Monophony was thus a choice, not a necessity. It reflects not the primitive origins of music (as the chant’s status as the oldest surviving repertory might all too easily suggest) but the actual rejection of earlier practices, both Judaic and pagan, that were far more elaborate and presumably polyphonic. (I, 10)


  1. Nice Title. These errors in thinking don’t just plague the students of undergraduate music history surveys. The Whiggish fallacy (or present-centered fallacy, or whatever you would like to call it) continually threatens to seep into the professional historian’s thinking, research, and writing, and it often does.

    I think this very issue is one of the reasons Taruskin’s grand opening to this titanic history is decidedly anti-climactic. The invention of notation during the reign of the Frankish kingdom makes the entire history possible. Indeed, literate music is the glue that holds the entire work together: “For it is the basic claim of this multivolumed narrative—its number-one postulate—that the literate tradition of Western music is coherent at least insofar as it has a completed shape” (I, xv). And yet, he takes pains to minimize the contemporary import of the invention. It is important to historians, but was not front page news at the time.

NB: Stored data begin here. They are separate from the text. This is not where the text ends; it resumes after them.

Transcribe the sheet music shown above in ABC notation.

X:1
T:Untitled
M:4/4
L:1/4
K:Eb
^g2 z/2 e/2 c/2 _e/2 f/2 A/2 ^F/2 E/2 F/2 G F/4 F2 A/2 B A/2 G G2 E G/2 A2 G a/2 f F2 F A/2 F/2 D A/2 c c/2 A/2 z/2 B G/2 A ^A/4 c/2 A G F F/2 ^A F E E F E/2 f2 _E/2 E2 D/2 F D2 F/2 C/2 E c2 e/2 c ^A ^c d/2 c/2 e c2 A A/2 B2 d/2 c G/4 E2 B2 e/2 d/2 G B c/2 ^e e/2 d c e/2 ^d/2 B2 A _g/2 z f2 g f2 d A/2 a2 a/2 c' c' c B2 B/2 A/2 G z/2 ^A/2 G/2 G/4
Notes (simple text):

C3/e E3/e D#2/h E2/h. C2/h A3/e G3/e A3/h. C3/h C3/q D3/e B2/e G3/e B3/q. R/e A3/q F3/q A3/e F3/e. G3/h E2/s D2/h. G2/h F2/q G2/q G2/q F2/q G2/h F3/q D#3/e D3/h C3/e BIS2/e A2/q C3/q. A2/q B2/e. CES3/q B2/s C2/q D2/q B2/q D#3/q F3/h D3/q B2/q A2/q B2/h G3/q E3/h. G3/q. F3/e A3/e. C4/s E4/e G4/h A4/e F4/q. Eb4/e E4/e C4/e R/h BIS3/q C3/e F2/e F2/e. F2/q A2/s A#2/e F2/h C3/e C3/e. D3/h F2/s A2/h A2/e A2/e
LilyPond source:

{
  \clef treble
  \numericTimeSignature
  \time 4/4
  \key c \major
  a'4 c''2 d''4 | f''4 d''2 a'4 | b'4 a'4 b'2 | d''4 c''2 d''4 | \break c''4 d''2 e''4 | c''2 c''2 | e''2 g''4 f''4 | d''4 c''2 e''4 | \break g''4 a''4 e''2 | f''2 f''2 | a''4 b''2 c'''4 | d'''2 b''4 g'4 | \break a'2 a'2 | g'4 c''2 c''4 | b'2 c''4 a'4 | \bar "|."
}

    But the anti-climax is I think Taruskin’s way of fighting our urge to move from left to right in a straight line through time.

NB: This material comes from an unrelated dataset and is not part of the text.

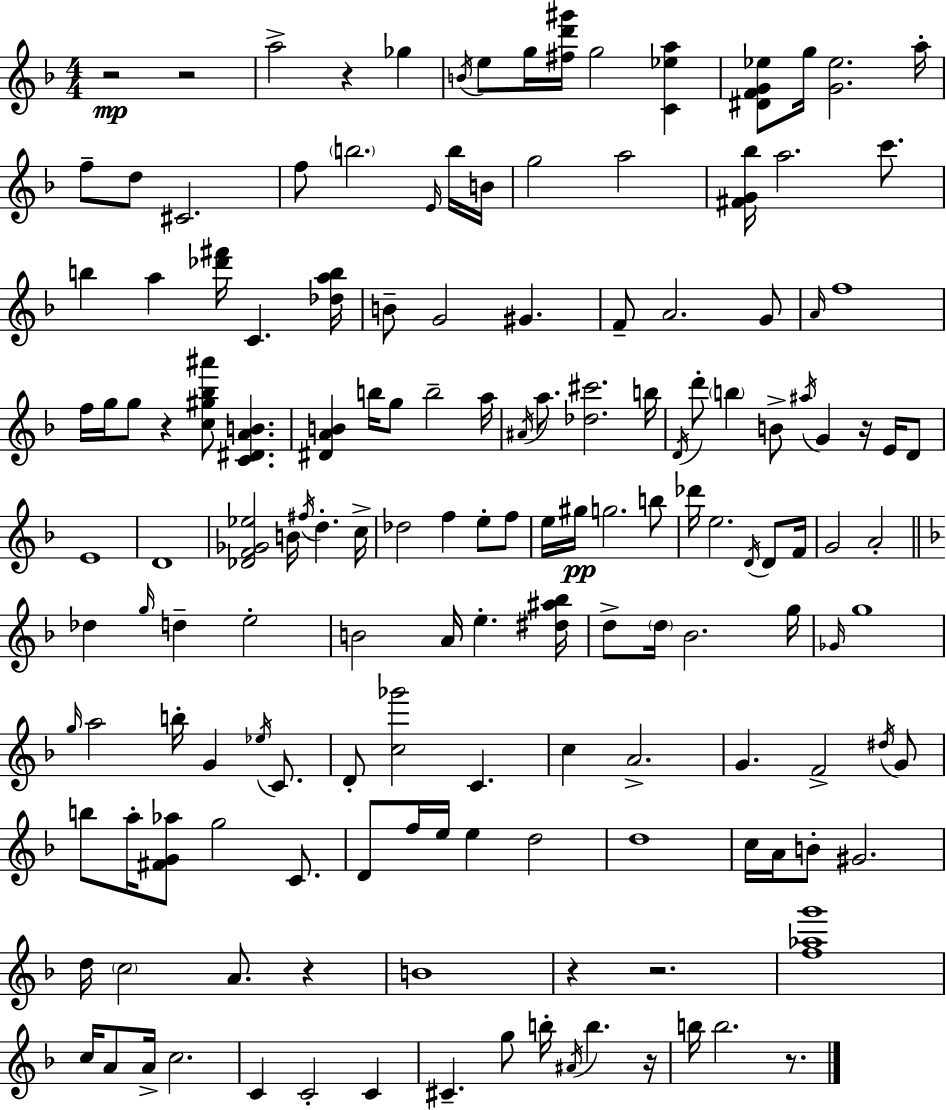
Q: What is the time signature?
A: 4/4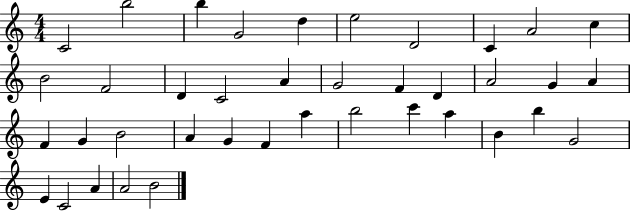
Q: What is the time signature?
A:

  2. That is one aspect of the OHWM that really impresses me so far – Taruskin is really providing the more nuanced, conscientious picture of history. (This is also the most contemporary way of looking at historiography.) It’ll be interesting to see how he handles it when actual composers enter the picture.

  3. Glad you brought this up (particularly the exact Taruskin quote you cited). It should also be noted that complexity is a distinctly Western aesthetic value (other cultures such as the Japanese—or for that matter the early Christian monks that eschewed polyphony when creating their chants—highly value simplicity of gesture). It is thus no particular surprise that a Western history of a Western aesthetic area (music) would tend to view increasing complexity as evolutionary progress, but it is a cultural bias that we will definitely wish to be aware of and acknowledge (whether or not we decide to avoid it when crafting our histories—keeping in mind that for certain periods of the history of Western music, the aesthetic valuation of increasing complexity may have had a distinct influence on the creation of new music during that period).